- Opening Delimiter -

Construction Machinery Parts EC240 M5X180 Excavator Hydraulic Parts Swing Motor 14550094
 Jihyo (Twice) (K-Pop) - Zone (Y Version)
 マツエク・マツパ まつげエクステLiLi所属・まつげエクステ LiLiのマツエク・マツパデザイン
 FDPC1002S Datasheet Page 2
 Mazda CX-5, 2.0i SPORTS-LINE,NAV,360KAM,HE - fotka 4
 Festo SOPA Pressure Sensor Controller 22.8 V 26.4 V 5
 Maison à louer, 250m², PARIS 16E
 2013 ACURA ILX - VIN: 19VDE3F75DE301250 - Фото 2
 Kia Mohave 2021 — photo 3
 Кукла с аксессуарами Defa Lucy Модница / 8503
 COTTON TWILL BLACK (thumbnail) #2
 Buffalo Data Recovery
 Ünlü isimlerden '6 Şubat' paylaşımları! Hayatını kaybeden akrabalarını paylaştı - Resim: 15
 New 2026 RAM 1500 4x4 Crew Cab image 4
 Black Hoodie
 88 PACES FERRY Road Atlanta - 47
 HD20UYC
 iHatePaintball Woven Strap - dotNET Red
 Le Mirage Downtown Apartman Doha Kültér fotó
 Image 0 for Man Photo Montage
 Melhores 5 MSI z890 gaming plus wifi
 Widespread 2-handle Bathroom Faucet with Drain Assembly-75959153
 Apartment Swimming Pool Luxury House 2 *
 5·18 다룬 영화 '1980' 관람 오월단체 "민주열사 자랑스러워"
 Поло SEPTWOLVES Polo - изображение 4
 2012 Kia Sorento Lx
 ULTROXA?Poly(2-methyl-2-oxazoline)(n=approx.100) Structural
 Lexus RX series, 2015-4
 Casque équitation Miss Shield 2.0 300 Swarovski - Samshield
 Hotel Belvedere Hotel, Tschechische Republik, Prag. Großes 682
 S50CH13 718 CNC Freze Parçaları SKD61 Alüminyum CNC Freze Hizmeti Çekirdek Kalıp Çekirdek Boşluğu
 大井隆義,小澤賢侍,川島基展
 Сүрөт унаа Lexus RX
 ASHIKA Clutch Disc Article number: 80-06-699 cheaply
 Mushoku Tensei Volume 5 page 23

- Closing Delimiter -

Look through the entries and find each line that has the string "Lexus". Copy those lines.

 Lexus RX series, 2015-4
 Сүрөт унаа Lexus RX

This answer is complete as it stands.